Trump likes the welfare state. He's made protecting entitlements central to his pitch. It's safe to say that he's likely, at heart, socially liberal -- the story of how he became anti-abortion, for example, doesn't make a great deal of sense. (That story, in brief: friends of his debated having an abortion. They did not. The kid turned out to be "a winner." When pressed if he would have stayed pro-abortion if the kid was a loser, Trump once replied "probably not.")

He clearly doesn't like these "Bathroom Bills" popping up in red states; bad for business, and that's always Trump's bottom line. Regardless of what he says in the lead-up to next week's Indiana primary, that probably goes for RFRAs as well. And given the milieu he's always existed in, it's hard to believe he really opposes gay marriage, either.

Trump has had the benefit of never really fleshing out what he believes about specific policies; nearly a year into his campaign, we still don't know what he'd replace Obamacare with. He is, as his longtime advisor Roger Stone says, a "big picture" guy: pro-business, pro-military, pro-America. The rest is all open to negotiation, to making the best deal.

And, as Jim Antle notes over at The Washington Examiner, that puts him pretty squarely into the vast middle of the American electorate. "The New American Center", as NBC News recently called it, is patriotic. It thinks America is the best country in the world. But it hates our political system and our elites. It doesn't like immigration or Affirmative Action or other programs explicitly designed to help minorities.

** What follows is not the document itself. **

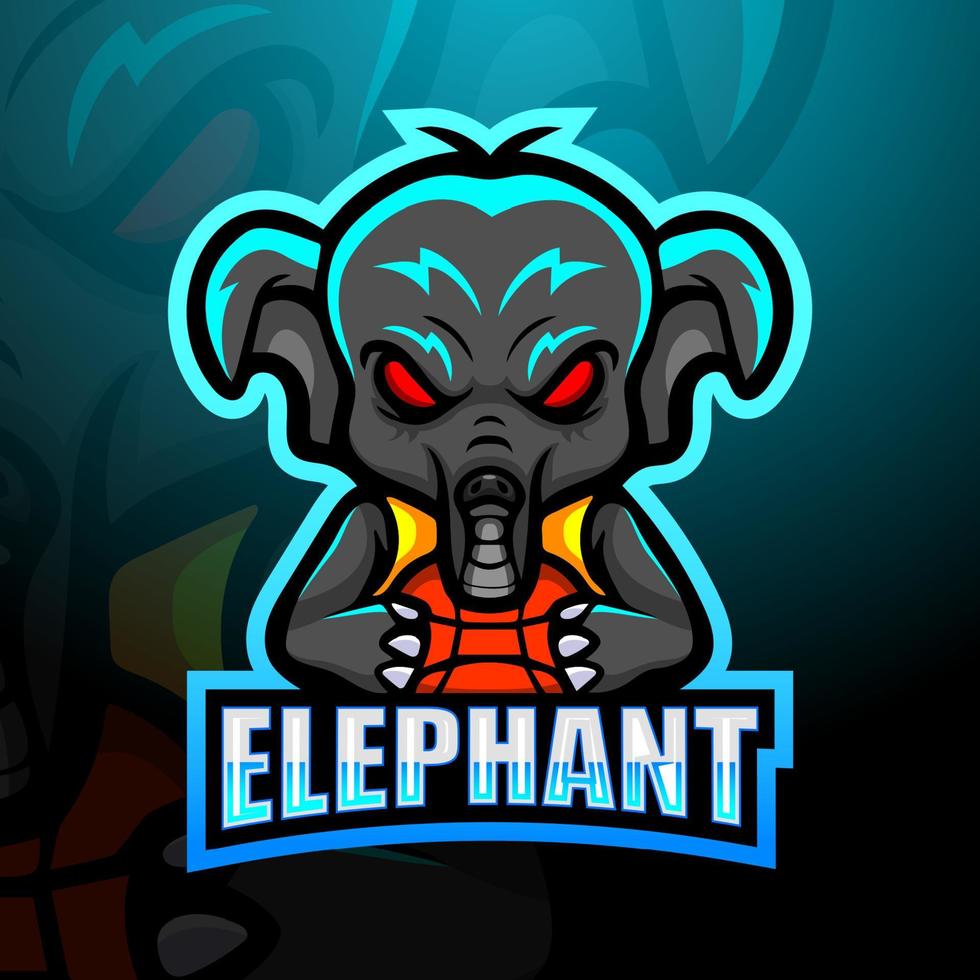 design de logotipo de mascote de jogador de elefante de basquete vetor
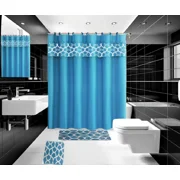 Gorgeous Home Linen 15-Piece Bathroom Set 2-Rugs/Mats, 1 -Fabric Shower Curtain, 12-Fabric Covered Rings Geometric Turquoise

It is, in other words, Trump's natural base, at least on paper. Now, there are still plenty of reasons why someone who agrees with Trump on a whole mess of issues might still be unwilling to vote for him. But it's a mistake to assume that the man doesn't have a natural constituency outside the GOP.

There are a lot of "ifs" in all this. Trump can alienate his own base if he triangulates too much between now and Election Day. His seeming inability to set up any kind of nationwide infrastructure might alone doom him in a race with Clinton. Voters just might decide that they really do hate the guy and will do anything from seeing him become president. There are endless variables here, and Clinton should be considered the odds-on favorite for the presidency.

But that doesn't mean Trump doesn't have a chance. He does.